• **TASK DIRECTIONS**
Leave out every picture and set down, exactly, the lines below from the one holding "Billabong Lace Tassels" up to and including the one holding "3233 Etude DR, Mississauga, ON L4T 1S9".

• **RECORDS FOR PROCESSING**

Content starts

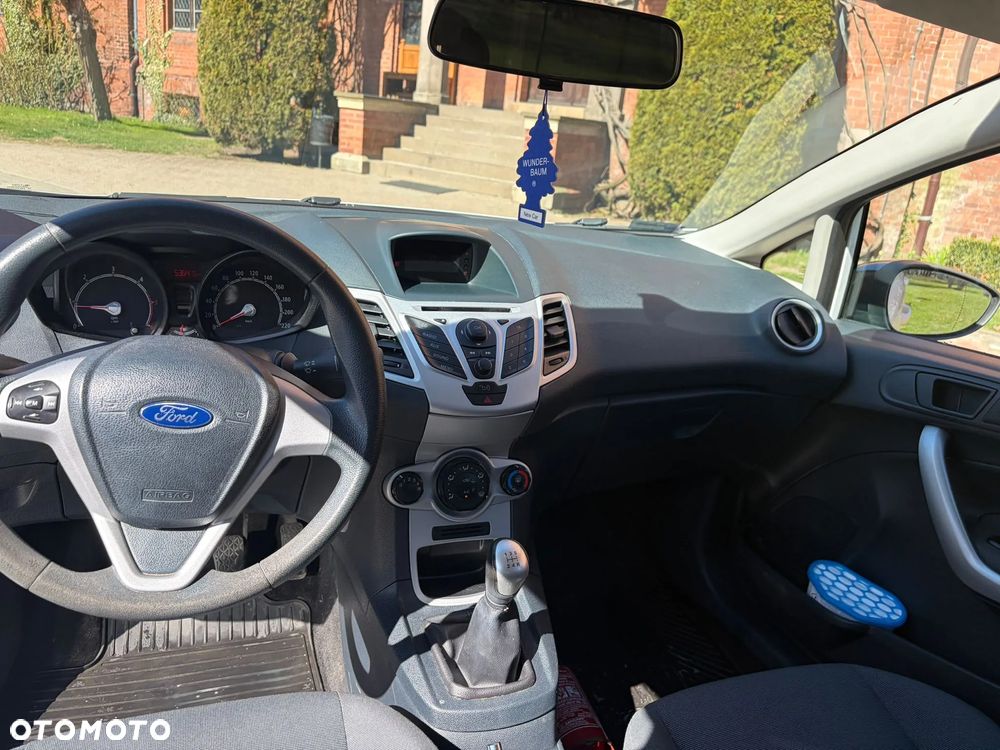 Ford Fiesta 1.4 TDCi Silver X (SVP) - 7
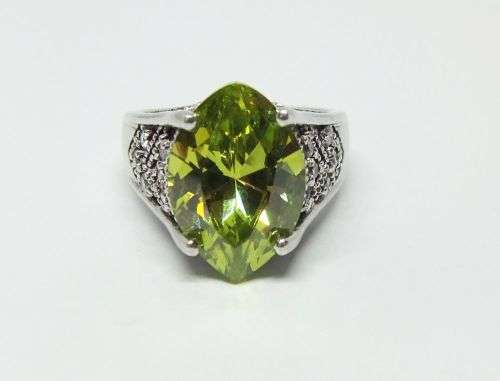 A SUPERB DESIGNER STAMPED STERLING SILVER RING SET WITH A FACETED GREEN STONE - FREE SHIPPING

Content ends
Content starts

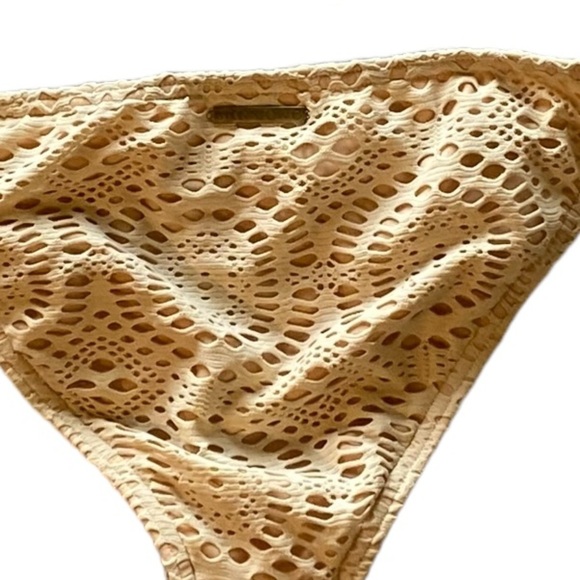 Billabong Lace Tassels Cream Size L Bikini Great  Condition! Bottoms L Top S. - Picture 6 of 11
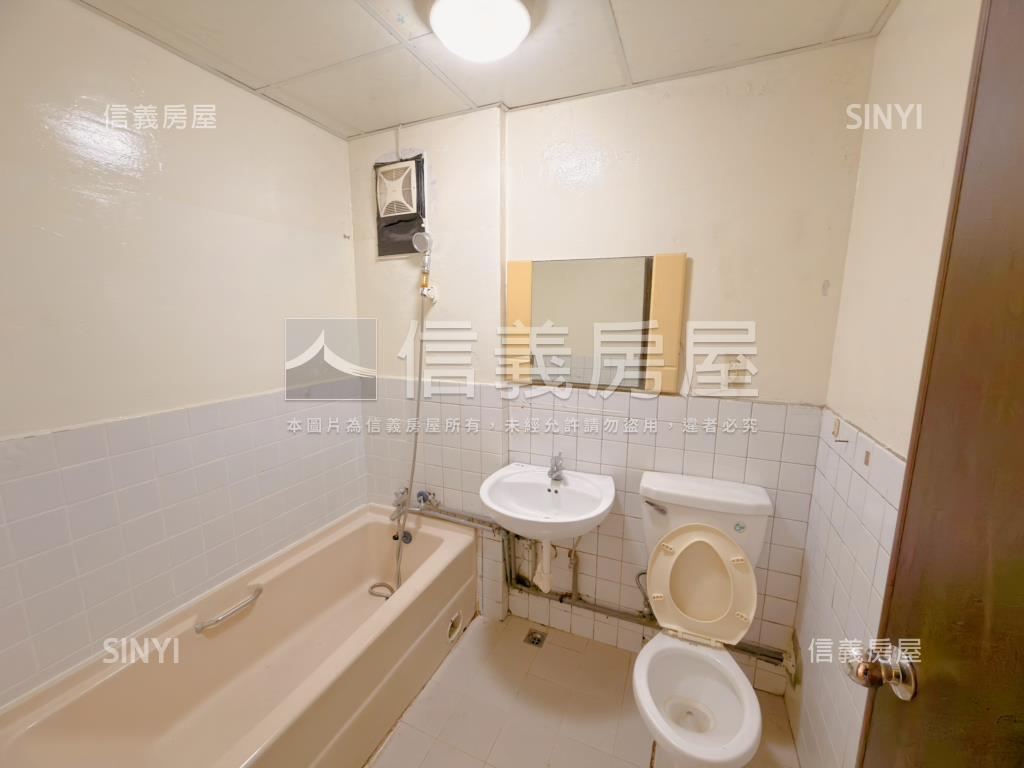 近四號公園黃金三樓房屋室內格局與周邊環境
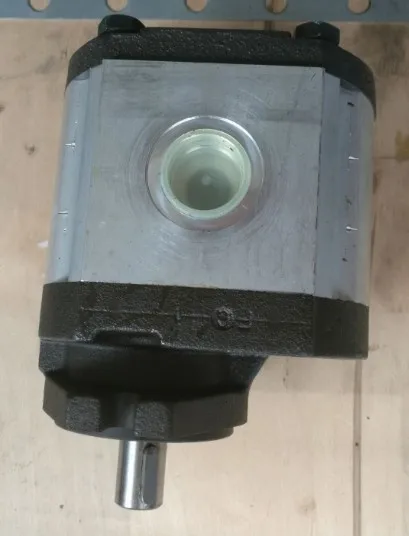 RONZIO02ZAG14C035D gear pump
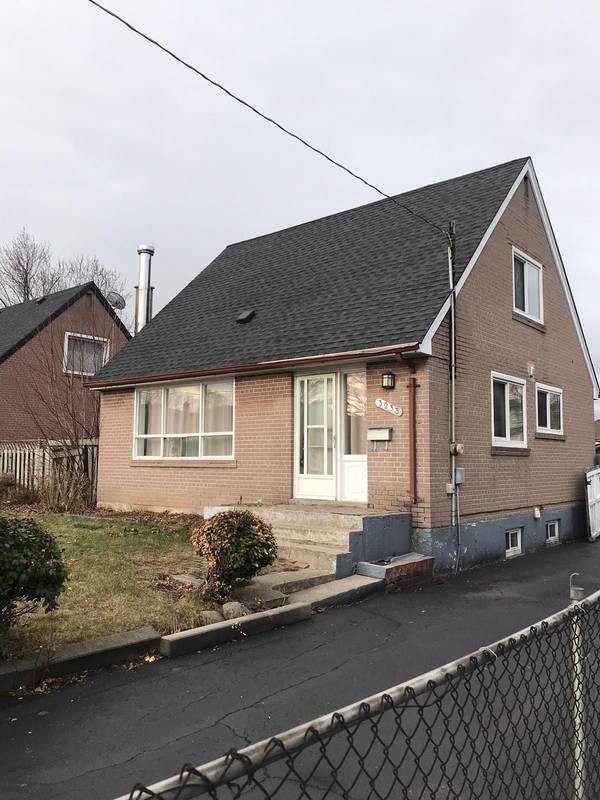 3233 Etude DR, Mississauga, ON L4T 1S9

Content ends
Content starts

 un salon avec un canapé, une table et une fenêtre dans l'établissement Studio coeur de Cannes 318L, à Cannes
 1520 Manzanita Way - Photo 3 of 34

Content ends

• **REPLY TO THE TASK**
 Billabong Lace Tassels Cream Size L Bikini Great  Condition! Bottoms L Top S. - Picture 6 of 11
 近四號公園黃金三樓房屋室內格局與周邊環境
 RONZIO02ZAG14C035D gear pump
 3233 Etude DR, Mississauga, ON L4T 1S9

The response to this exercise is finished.